Arranje-se uma ministra, antes que a ilusão de termos uma ministra se torne num pesadelo de termos este governo!

Comments:
Penso que o conceito "ferocidade" é exagerado relativamente ao meu texto. Tenho o direito a indignar-me, porque penso que um dos factores de sucesso de uma política é o respeito pela dignidade dos que são de uma forma ou de outra colaboradores na sua execução. A Ministra generaliza, mede todos pela mesma bitola, e olha para os professores como se eles não exercessem a sua actividade num contexto de número de alunos por turma, com determinados programas, em certas condições de autoridade profissional, com salas de aula degradadas, etc. Por outro lado, hoje, um ministro que pense a escola tem de aceitar que a escola de hoje já não pode ser a mesma que surgiu com o paradigma da revolução industrial. A ministra não compreende isto e, por isso, desvia para uma parte da questão todos os problemas, o que é, no mínimo, feio. Sempre houve maus professores, mas não foi isso que tirou qualidade á escola. A escola de hoje tem de ser mais pequena, exigir um trabalho de equipa, promover a interdisciplinaridade e ser avaliada em função de projectos. O professor solitário, avaliado individualmente, já não faz sentido. São as equipas que se devem autoavaliar e serem avaliadas e não o professor solitário.
Aliás, há uma contradição no que diz a Ministra: se a avaliação dos pais é minimalista, então é um "faz de conta" que é avaliação e isso não é correcto sob o ponto de vista educativo. Avaliação minimalista só conheço a do Padre Américo: "não há rapazes maus".
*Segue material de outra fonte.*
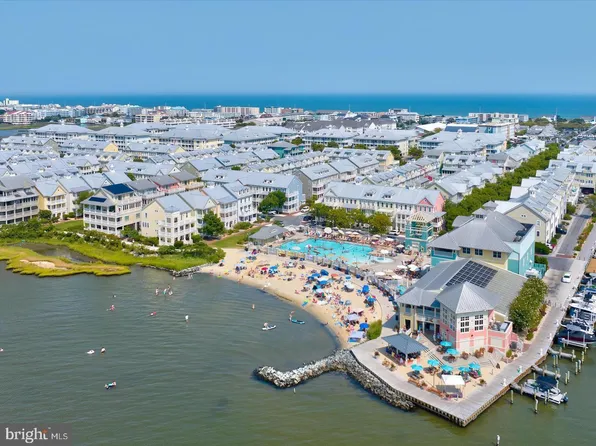 2 Fountain Dr E #Lug, Ocean City, MD 21842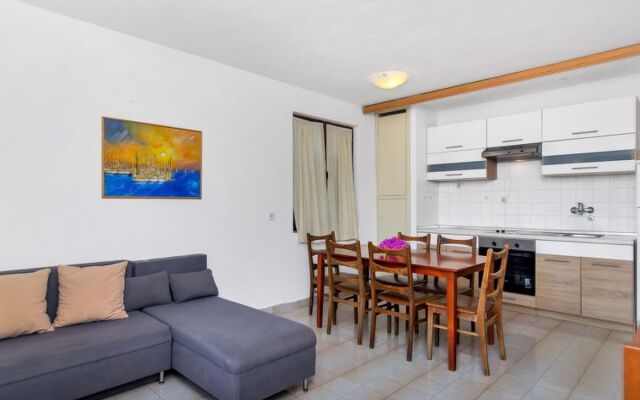 Apartment Cico Hvar/Pokrivenik 7177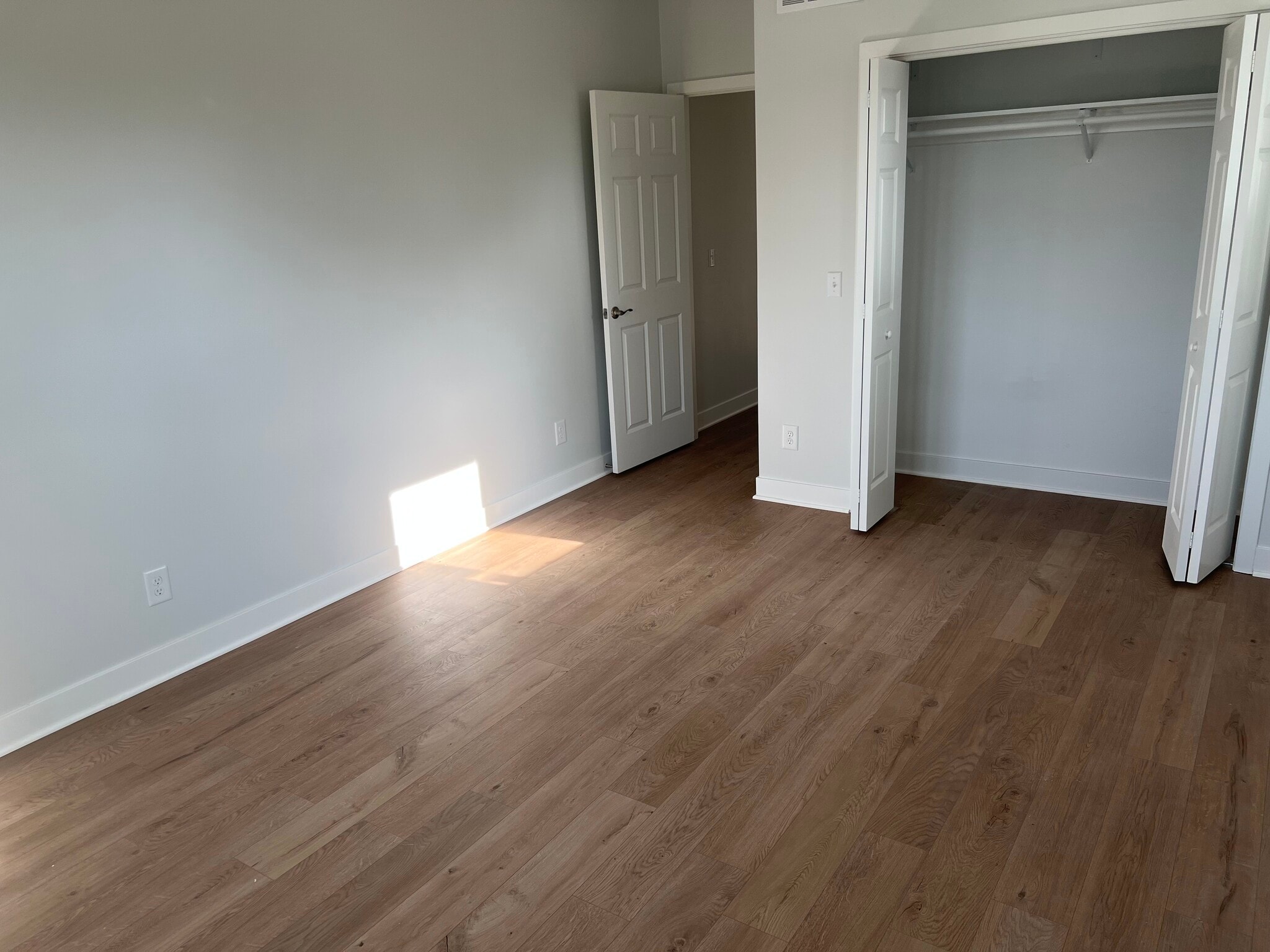 Building Photo - 500 Leavens Ave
Gosto desta interactividade. Ajuda-nos a clarificar pensamentos. Obrigado critico cerrado(?!...)
 
Lamento ter de lhe dizer, mas esta não é uma margem esquerda! Sim. Porque uma margem esquerda é tolerante, consiliadora e inclusiva e quem defende a expulsão como solução para um problema de modo algum está à esquerda.
 
Essa é a sua opinião. Curiosamente cheia de certeza. A minha ideia é que ser ministro é um cargo ao serviço do interesse comum que deve ser ocupado por quem for mais competente e tiver mais sentido de Estado. Penso que pedir a substituição de um ministro não é pedir a sua expulsão. Expulsão não é um conceito que faça parte do meu vocabulário e desafio-o a contradizer o que afirmo.
 
Só mais uma coisinha. O cargo de ministro, pela sua natureza política, é transitório. Não se pode expulsar ministros, porque isso significava que o cargo se identificava com a pessoa. Já houve quem dissesse “o Estado sou eu”. Em democracia, os ministérios persistem independentemente de quem os ocupa. É, por isso, legitimo pedir a sua substituição, até para bem da dignidade da instituição. Pedir que se arranje outro ministro é um exercício cívico que qualquer cidadão tem o direito de exercer. E essa substituição, no meu ponto de vista, mais cedo ou mais tarde terá de acontecer
 
Gostava, ainda, de dizer mais o seguinte:

Quem disse-- “O estado sou eu” – era “incluso”, mas não era, naturalmente, de esquerda. Também penso que ser de esquerda é ser tolerante, mas a tolerância não é o “vale tudo”. Hei-de, mais tarde, colocar um post sobre a questão “esquerda / direita”. Digo-lhe, desde já, que não entendo esse tema de forma rígida, porque penso que há procedimentos tidos como de esquerda que, no meu ponto de vista, são de direita. A questão prende-se com o sentido do mundo da vida. Penso que há conceitos geradores de um sentido de esquerda no mundo da vida, como, p. ex., o conceito de serviço público, bem comum, tolerância pelo respeito das diferenças (e de as poder seguir), generosidade, avaliar consequências das acções, abertura, futuro e os clássicos “igualdade” (e não igualitarismo), fraternidade, liberdade (como condições para poder dar um sentido pessoal á sua vida). Esquerda é um conceito mais ético que programático, no meu entender. Espero as suas críticas. O mais interessante nos blogs é o debate.